Campbell invites audiences to experience the sound of breath and breathing and to reflect on this intimate performance that echoed the walls at the Vancouver Art Gallery in 2021. Twenty Black artists and curators roamed around the Gallery playing the recorded breath in the Gallery halls. Campbell formed this work as a response to Black Lives Matter by “putting the focus on breath rather than death." Campbell invited each participant to imagine being present with a loved person from their past, be they childhood friends or passed relatives.  

Breath is a personal and functional action, and in this exhibit, Campbell emphasizes the depth and meaning of breath, especially when, as a source of life it can become an object of oppression and power.   

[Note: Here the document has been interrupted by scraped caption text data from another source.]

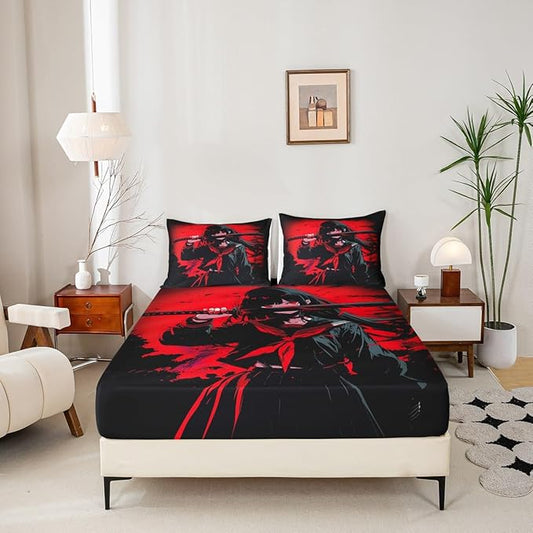 Erosebridal Japanese Anime Bedding Set for Kids, Anime Girl Fitted Sheet Twin Size Japanese Girl Bed Sheets for Girls Teens Adult, Kawaii Animation Red Black Sheets, Machine Washable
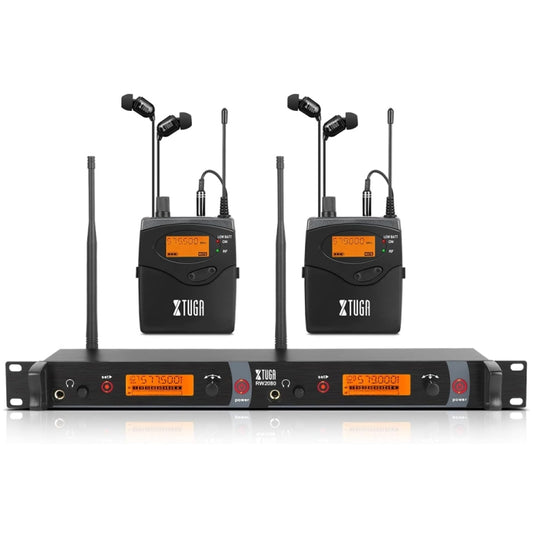 XTUGA RW2080 UHF Wireless Stage Singer In-Ear Monitor System 2 BodyPacks(US Plug) - Microphone by XTUGA | Online Shopping South Africa | PMC Jewellery | Buy Now Pay Later Mobicred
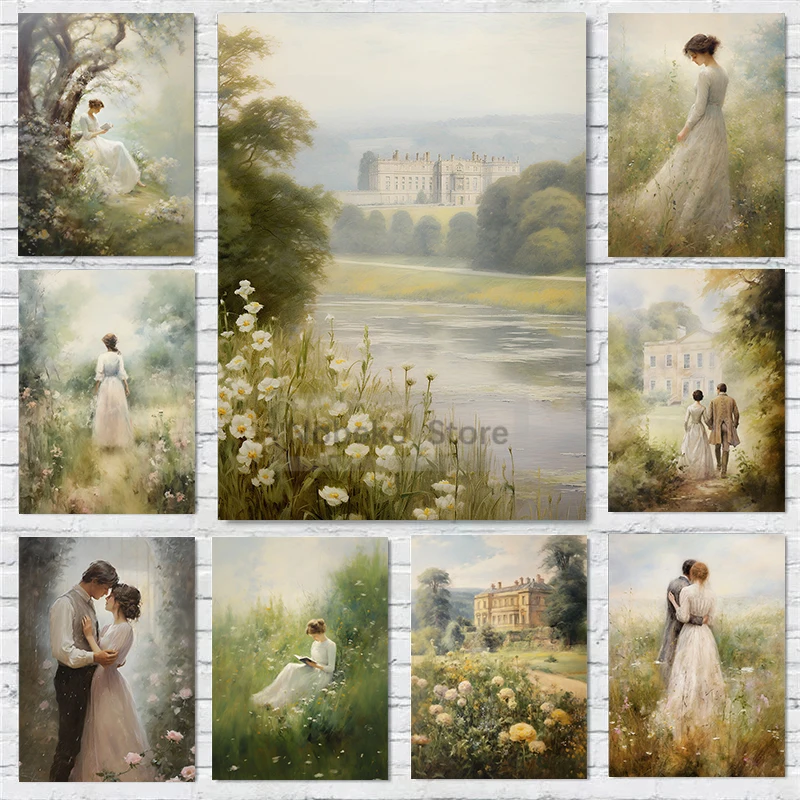 Pride and Prejudice Art Wall Garden Landscape Elizabeth Bennet Posters Prints Canvas Painting Pictures Home Room Reading Decor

Campbell will be developing an archive of Black breath recordings in the form of audio and sculptural installations called the Black Breath Archive in the coming year. The solo exhibition will be displayed at the Gallery in the spring of 2023.    

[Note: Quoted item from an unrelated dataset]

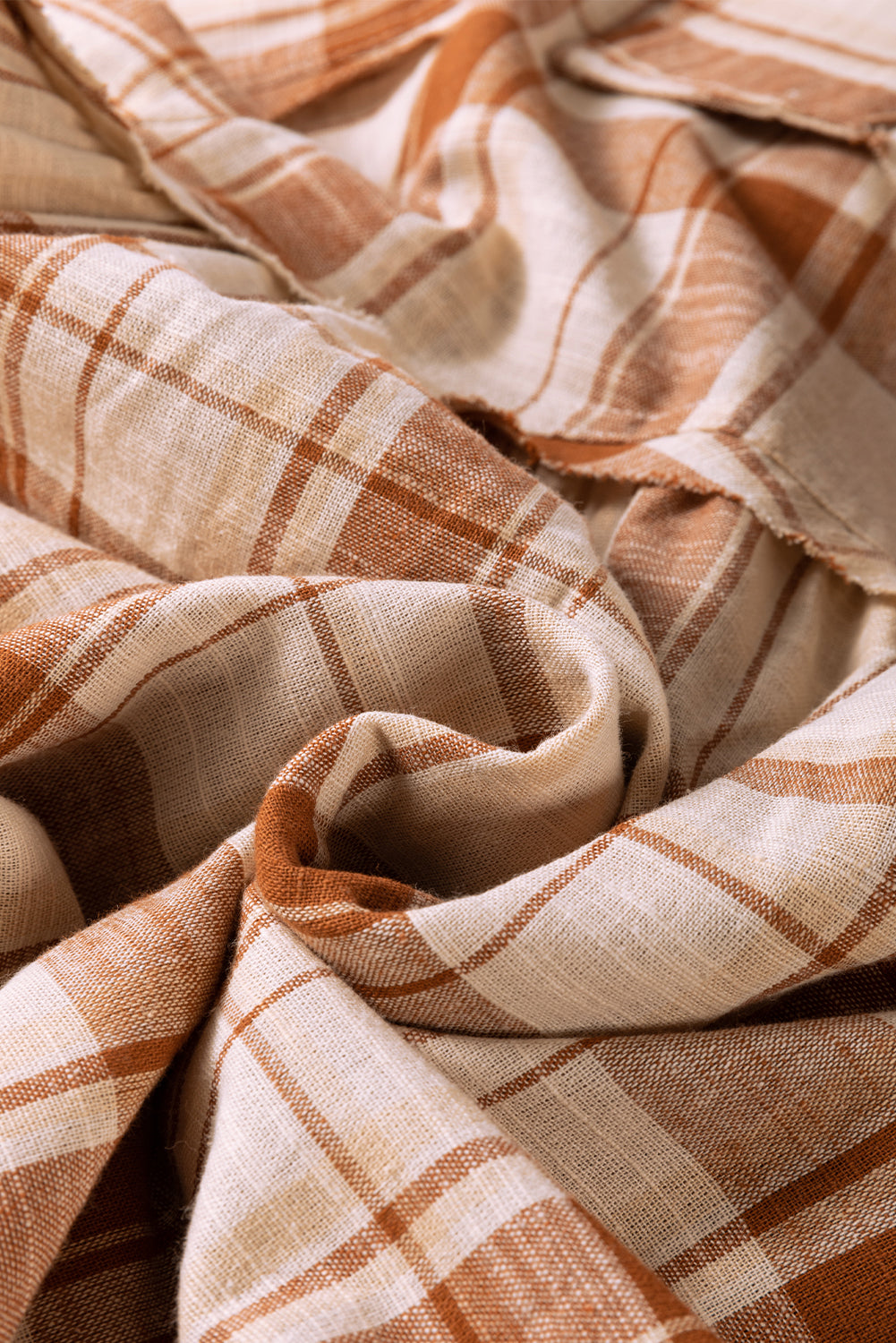 Plaid Side Pocket Frilled Babydoll Mini Dress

Learn more about Black Breath Spectacle in our published conversation Charles Campbell and Assistant Curator Suvi Bains.

About the Artist

Charles Campbell is a Jamaican-born multidisciplinary artist, writer, and curator whose practice expands the future imaginaries possible in the wake of colonization. His work has been exhibited widely, including at the Havana Biennial, the Brooklyn Museum and Alice Yard in Port of Spain. Recent exhibitions include Vancouver Special at the Vancouver Art Gallery, Fragments of Epic Memory at the Art Gallery of Ontario and The Other Side of Now at the Perez Art Museum Miami. He currently lives and works on Lekwungen territory, Victoria BC.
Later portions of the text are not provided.